Don Michael Konrad – Fraternità e Missione
In queste settimane sto rileggendo I fratelli Karamazovdi Dostoevskij. Uno dei temi fondamentali del romanzo è l’importanza dell’amicizia. Vivendo in un monastero Alëša Karamazov, il personaggio centrale del racconto, impara lo sguardo di Cristo sulla realtà e sugli uomini da un anziano starec. Dopo la morte di quest’ultimo, torna nel mondo dove tutti lo cercano e desiderano averlo come amico personale. I due rapporti più significativi si istaurano però con suo fratello Mitja e con un gruppo di ragazzi.
L’amicizia tra Alëša e Mitja ci mostra quanto abbiamo bisogno di amici per poter guardare noi stessi con amore. Mitja, che ha un carattere pieno di contraddizioni, viene a un certo punto incarcerato per aver ucciso suo padre. Subendo tale accusa ingiusta, egli sviluppa in carcere una sete immensa di Dio. Vuole vedere Dio, ma più ancora vuole essere visto da Dio. «Fra mille tormenti: io sono! Al rogo: io sono! Me ne sto attaccato alla colonna, ma esisto, vedo il sole, e se non vedo il sole, so che c’è. E sapere che c’è il sole, è già tutta la vita». Solo se Dio esiste, la vita dell’uomo ha un senso. «Come farà l’uomo ad essere virtuoso senza Dio?» si chiede senza sosta Mitja. Chi potrebbe amare, chi potrebbe ringraziare, se la sua vita fosse esclusivamente frutto del caso?

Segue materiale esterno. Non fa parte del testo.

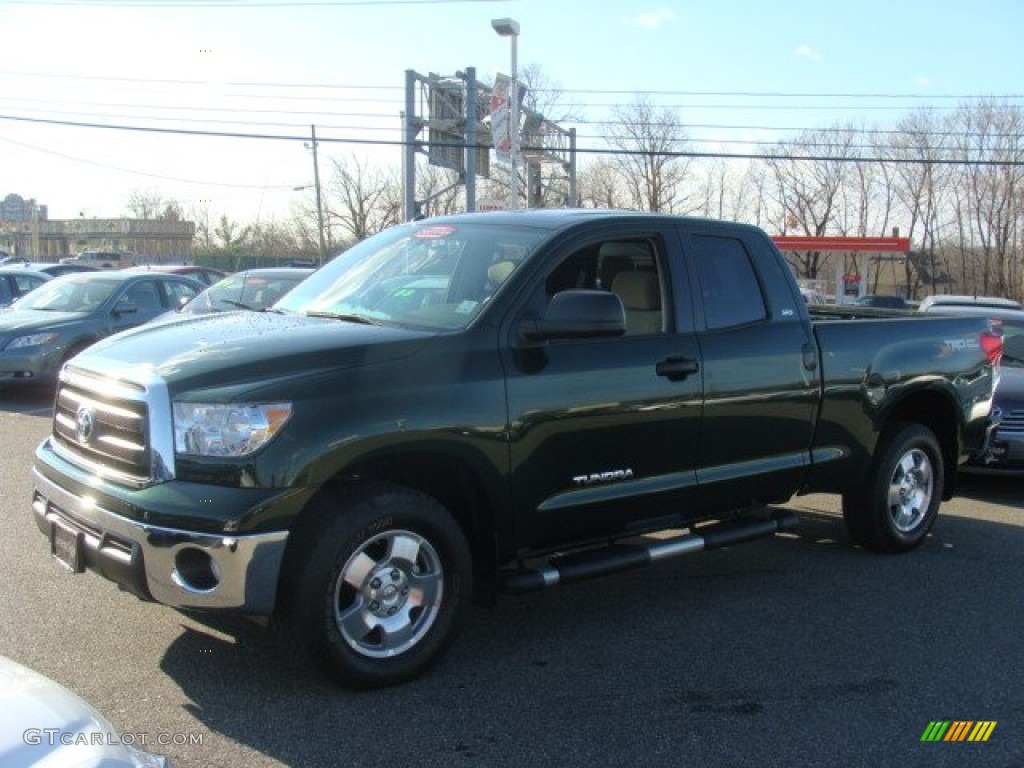 2011 Tundra TRD Double Cab 4x4 - Spruce Green Mica / Sand Beige photo #3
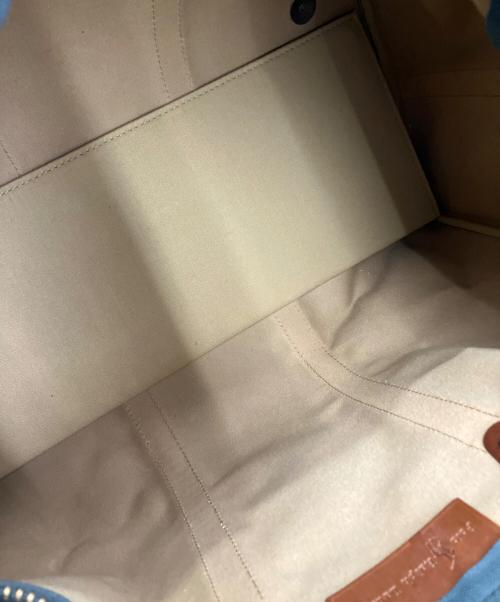 POLO RALPH LAUREN（ポロ・ラルフローレン）POLO RALPH LAUREN (ポロ・ラルフローレン) ボストンバッグ グリーン×ブラウンの古着・服飾アイテム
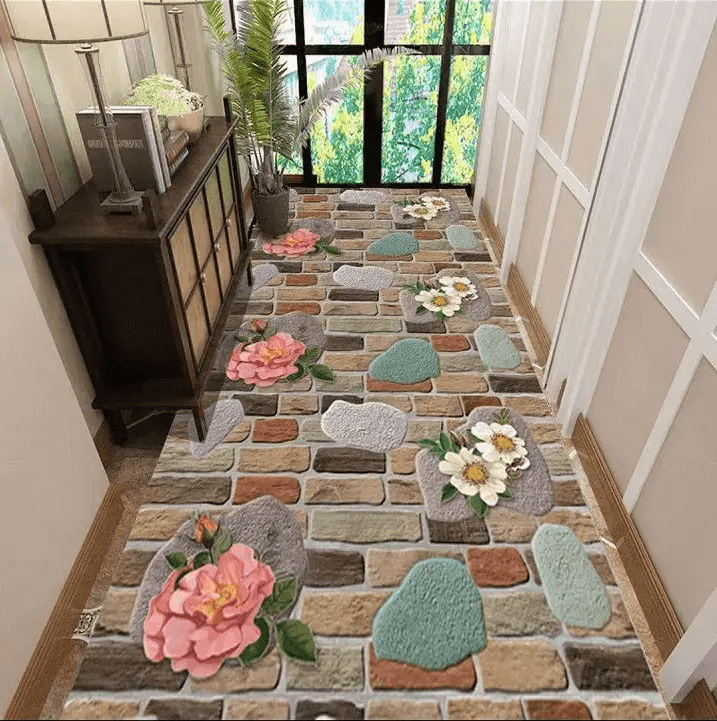 Floral Floor Cuttable 3D Mat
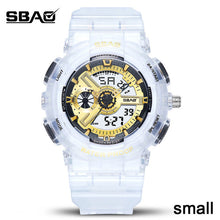 Load image into Gallery viewer, New Couple Watch Sport Dual Display Waterproof Transparent Watch Man And Ladies Couples Wristwatch Reloj Hombre Lover Watch Gift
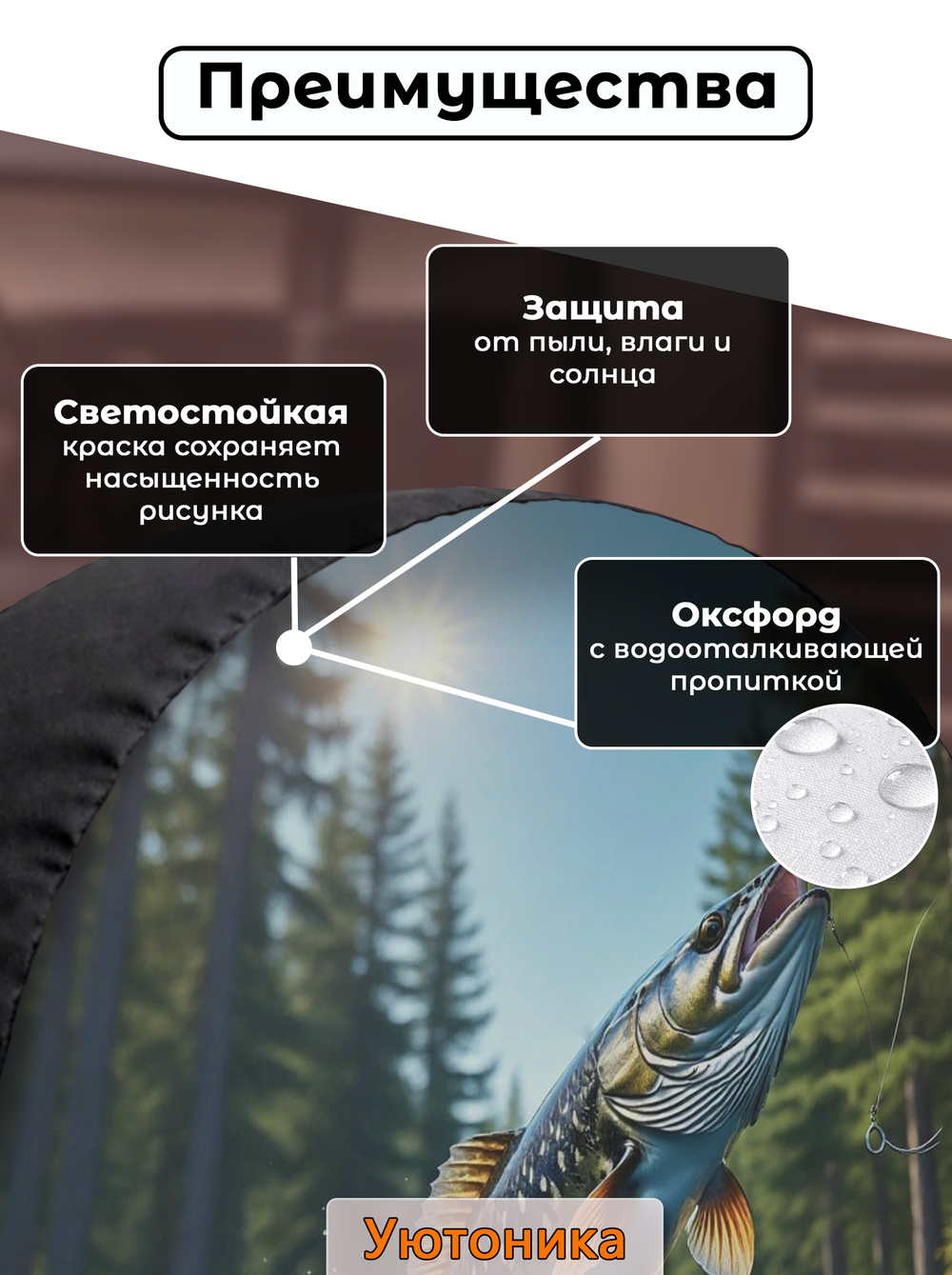 Комплект чехлов для запасного колеса с рисунком R14-17 (10 шт.)
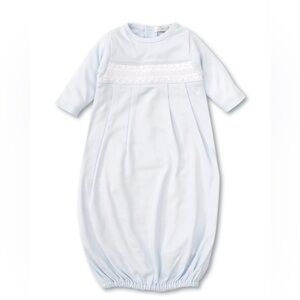 Kissy Kissy Hand Smocked CLB Charmed Blue Sack Gown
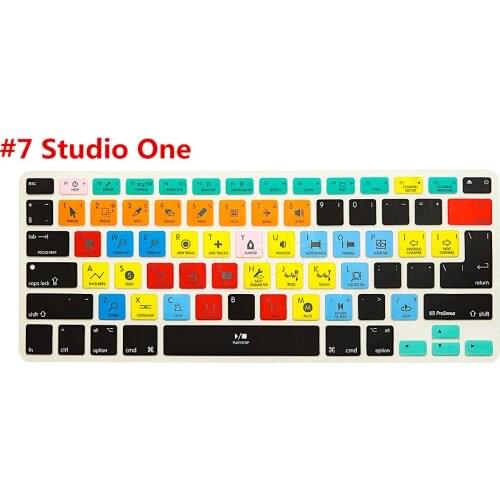For Macbook Air 13 Inch Silicone Keyboard Cover Skin For Studio One Functional Shortcut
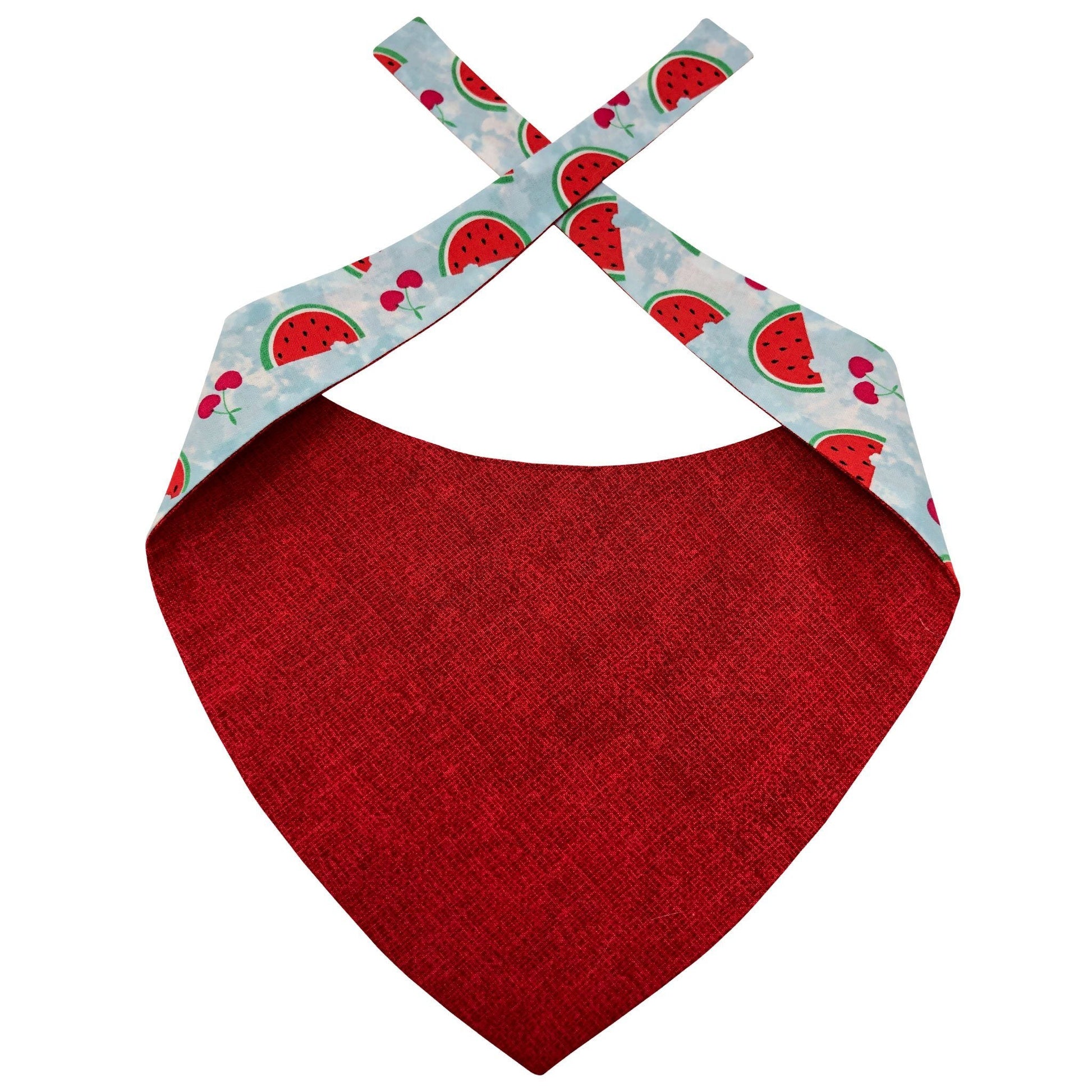 Bandana per cani - Anguria e ciliegie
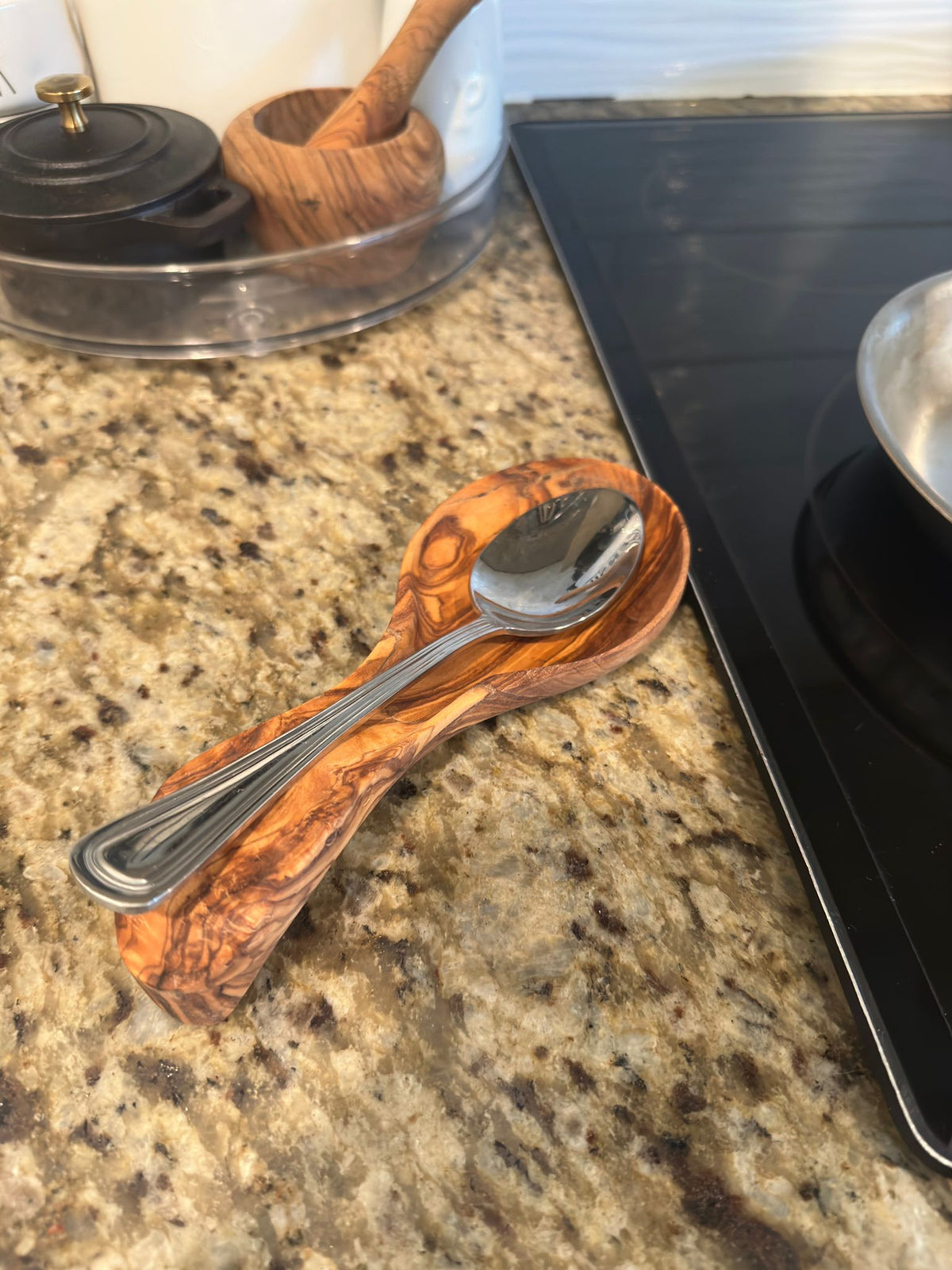 Olive Wood Spoon Rest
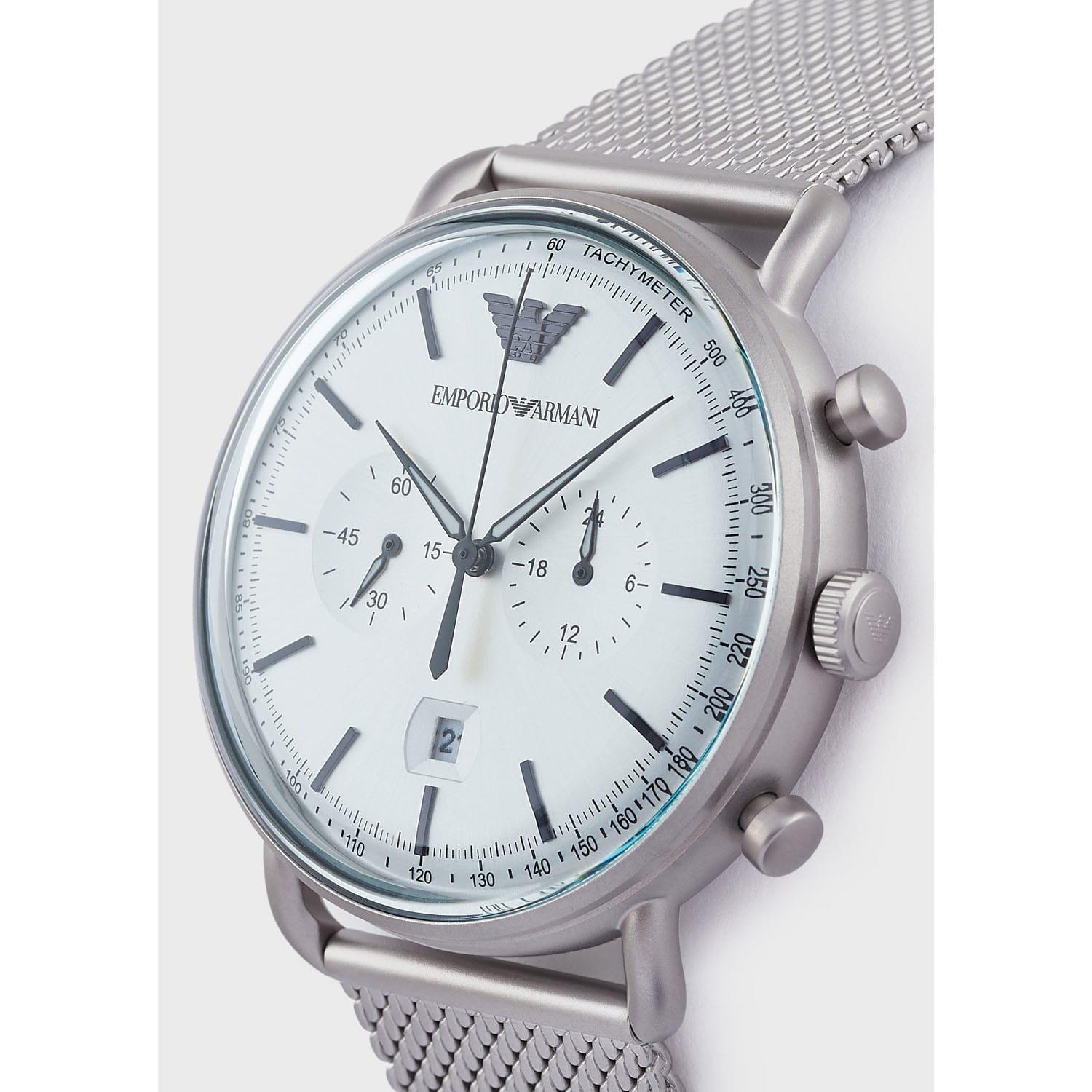 Silver - Emporio Armani - Watch - 4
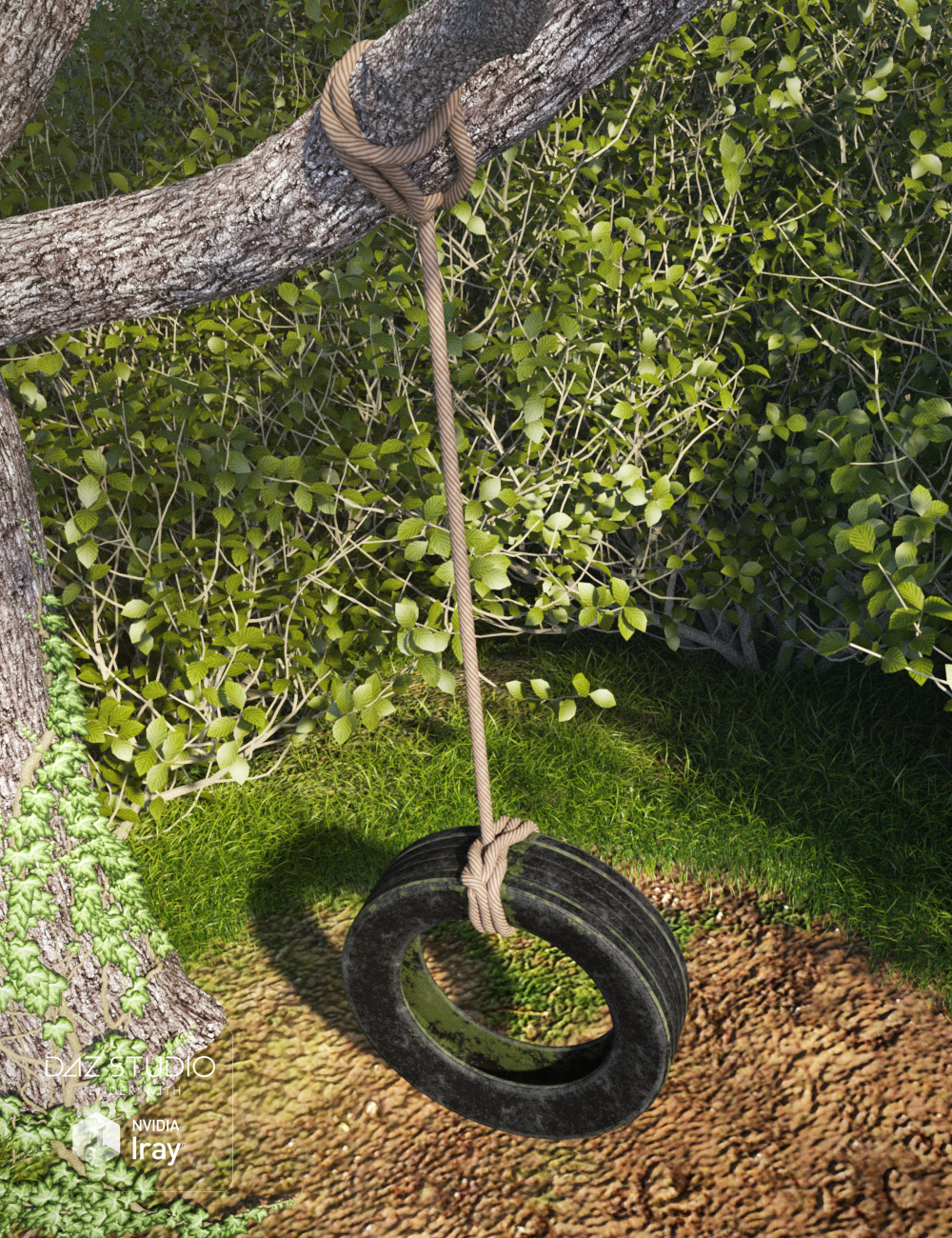 Tree Swing Unity File Tree And Swing | Daz 3D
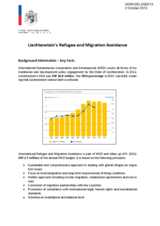 Liechtenstein 's Refugee and Migration Assistance-information sheet
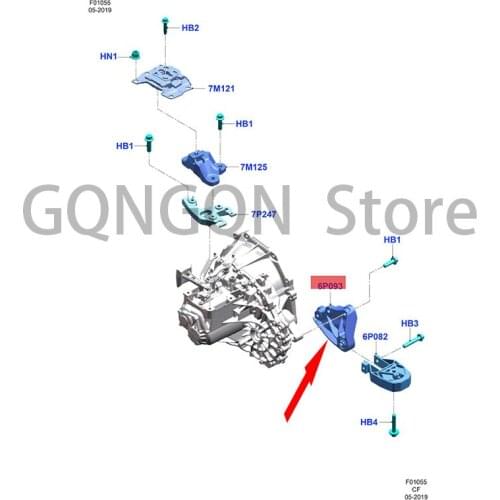 CAR Gearbox Foot Glue 1.5MT Bracket For dMo nd eoE sco rt Engine Foot Glue Engine Claw Pad Support Engine Support Foot Pad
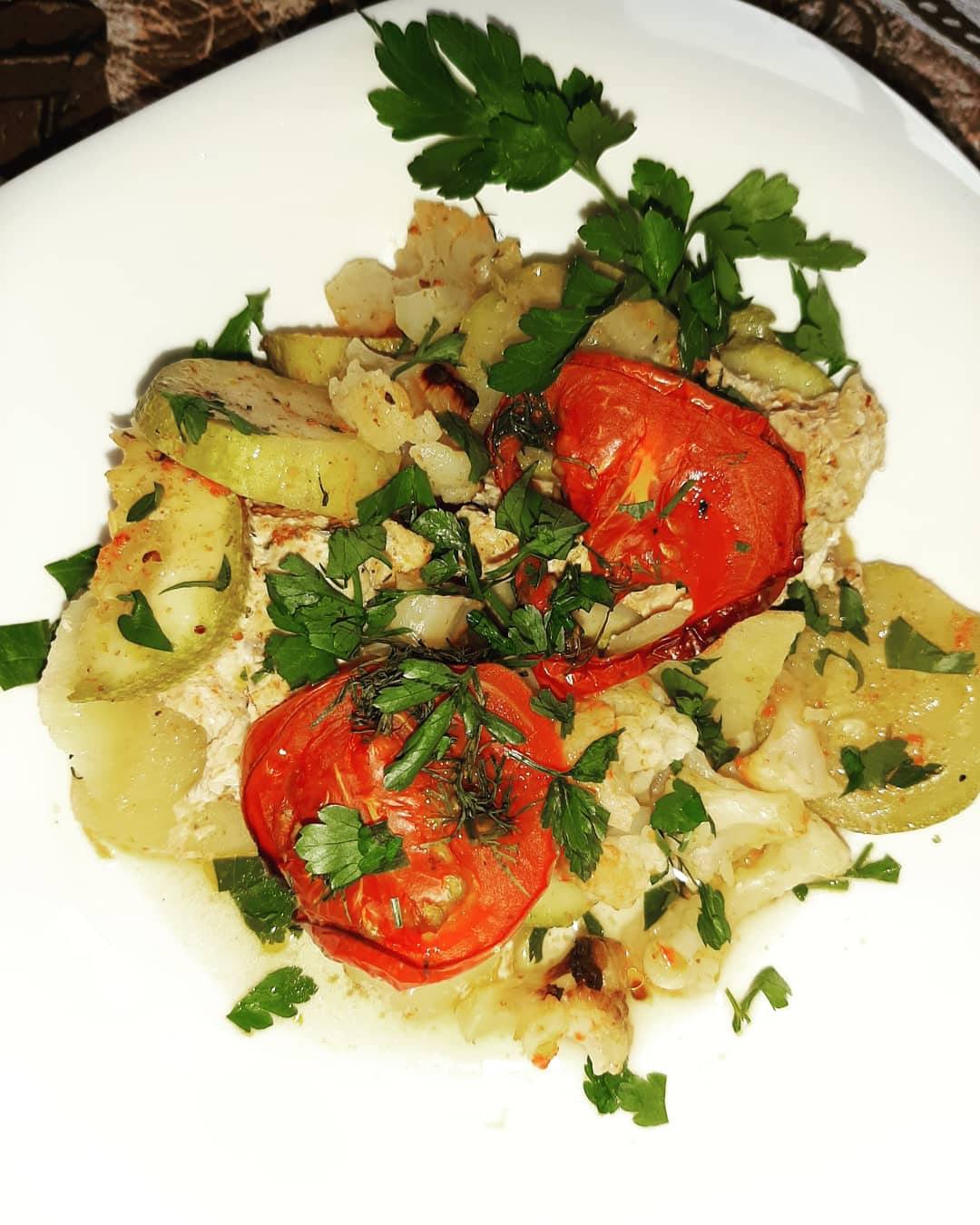 Овощная запеканка 🍅🥦🥒🥔🍖🌿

In questa situazione drammatica, quando quasi tutti lo abbandonano, l’amico vero, Alëša, diventa per Mitja portavoce di Dio. Poche ore prima del processo, osa chiedere a suo fratello se crede che lui abbia ammazzato il padre. Assicurando di non aver mai dubitato un momento della sua innocenza, Alëša “restituisce a Mitja la vita”. Per credere in se stesso, ha infatti bisogno di un amico che guardi la sua vita con uno sguardo benedicente; che lo corregga, se è necessario, ma che anzitutto lo contempli con gli occhi misericordiosi di Dio e lo veda nella sua verità che il mondo ignora. Confortato dalla fiducia dell’amico fratello, Mitja trova le forze per sopportare la difficile prova del processo contro di lui. Penso che anche noi, come Mitja, abbiamo bisogno di amici per poter affermare il valore della nostra vita.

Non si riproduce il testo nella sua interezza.